Wednesday, August 18, 2021 10:17:37 PM
“On August 6, 2021, the Company entered into an investment banking agreement (“PA Agreement”) with Primary Capital LLC (“PC”), pursuant to which PC will act as the Company’s exclusive placement agent for a twelve-month period beginning August 2, 2021, in connection with a contemplated best-efforts securities offering under Regulation A of the Securities Act (“Reg A Offering”). The PA Agreement calls for PC to provide additional investment banking services, both related to the Reg A Offering and independent of the Reg A Offering. The PA Agreement calls for cash fees payable to PC equal to 7% of the gross proceeds from the Reg A Offering associated with investors originated news to sell by PC and 4% of the gross proceeds from the Reg A Offering associated with investors originated by the Company. In addition, the PA Agreement calls for fees payable as warrants equal to 7% of that number of shares of the Company’s common stock with respect to investors originated by PC and 4% for investors originated by the Company.
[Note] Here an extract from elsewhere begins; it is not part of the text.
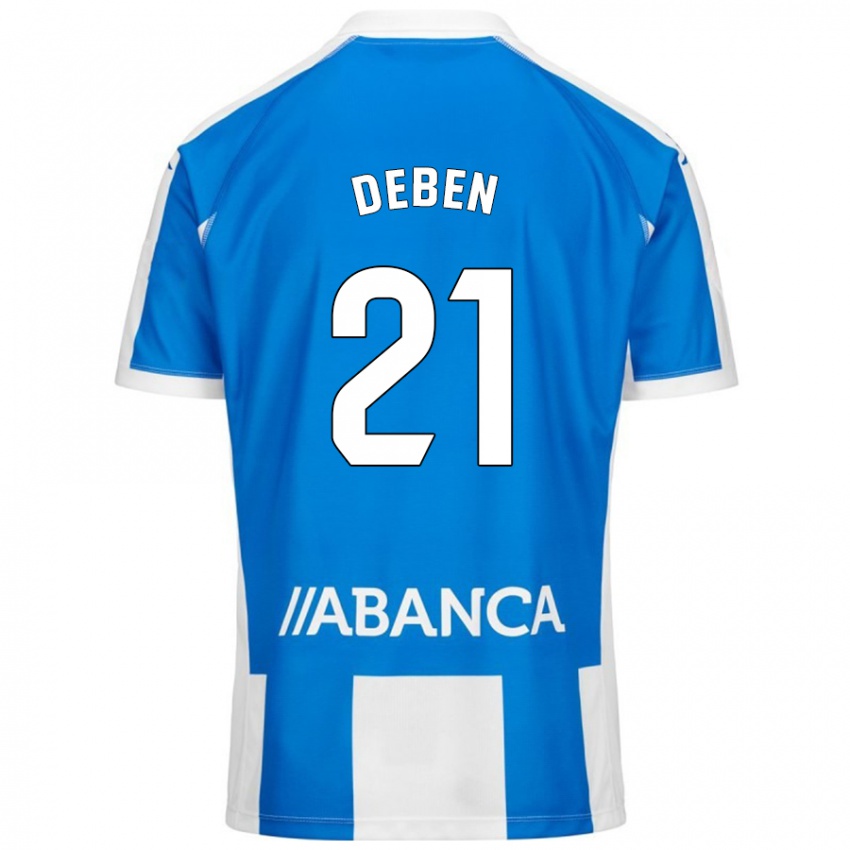 Mujer Camiseta Sara Debén #21 Azul Blanco 1ª Equipación 2024/25 La Camisa Argentina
The PA Agreement also provides for a 7% cash and 7% warrant fee for PC-originated investors in any non-Reg A Offering of securities and a cash fee of 5% of the transaction value at the closing of a sale or merger or acquisition transaction. This PA Agreement supersedes all prior contemporaneous negotiations, commitments, agreements and writings with respect to the subject matter of the PA Agreement. The foregoing description of the PA Agreement does not purport to be complete and is qualified in its entirety by reference to the PA Agreement, a copy of which is attached to this report as Exhibit 99.1.
The Company filed a Form 1-A Preliminary Offering Statement with the SEC on August 9, 2021. The SEC has not yet qualified the Reg A Offering. See Note 9. Subsequent Events – Filing of Form 1-A to the Company’s condensed consolidated financial statements as of June 30, 2021.”